Bank of Finland governor Erkki Liikanen has defended the European Central Bank's new debt-purchase programme. The plan, announced last week, aims to make monetary policy more efficient.
Speaking in Helsinki on Wednesday, Liikanen, who is a member of the ECB's board, said the programme will make the effects of ECB rate changes felt equally throughout the eurozone.
"The aim of the decision is safeguarding monetary policy transmission and the singleness of the monetary policy without changing the division of responsibilities between member states and the ECB," Liikanen said.
He stressed that the so-called Outright Monetary Transactions programme "will be applied in equal terms to all euro area countries".
Liikanen told Yle that the programme will not have any impact on Finnish banking customers on an everyday basis.
"From the standpoint of the regular taxpayer, there may be a change in that the likelihood of major banking crises will decrease -- at least the kinds of crises where taxpayers have to foot the bill," he said, then asking rhetorically: "How will this decrease? Because banks can be monitored in a centralised way and parallel to that we'll build a system through which they can also be wound down in a controlled way."

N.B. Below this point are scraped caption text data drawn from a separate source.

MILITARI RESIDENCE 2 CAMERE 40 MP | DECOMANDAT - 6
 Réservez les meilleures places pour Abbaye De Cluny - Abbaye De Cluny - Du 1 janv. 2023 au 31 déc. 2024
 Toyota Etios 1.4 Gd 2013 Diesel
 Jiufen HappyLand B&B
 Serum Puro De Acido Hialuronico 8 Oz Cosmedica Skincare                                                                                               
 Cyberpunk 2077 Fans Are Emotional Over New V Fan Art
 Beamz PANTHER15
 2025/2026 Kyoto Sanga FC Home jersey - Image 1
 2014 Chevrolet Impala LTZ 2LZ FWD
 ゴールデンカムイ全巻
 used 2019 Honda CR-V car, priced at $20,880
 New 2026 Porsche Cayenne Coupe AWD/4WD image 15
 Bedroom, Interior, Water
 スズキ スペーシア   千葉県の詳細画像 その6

Stubb: Healthy banks shouldn't suffer
Later on Wednesday, European Affairs Minister Alexander Stubb welcomed proposals for the ECB to supervise the region's banks, but warned that a banking union should not increase the burden on healthy banks.
"We think the basic idea is very good," he told Reuters, referring to proposed reforms which aim to break the link between states and distressed lenders.
"At the same time we must study the details [and]...make sure that healthy banks don't take on the burden of bad banks," he added.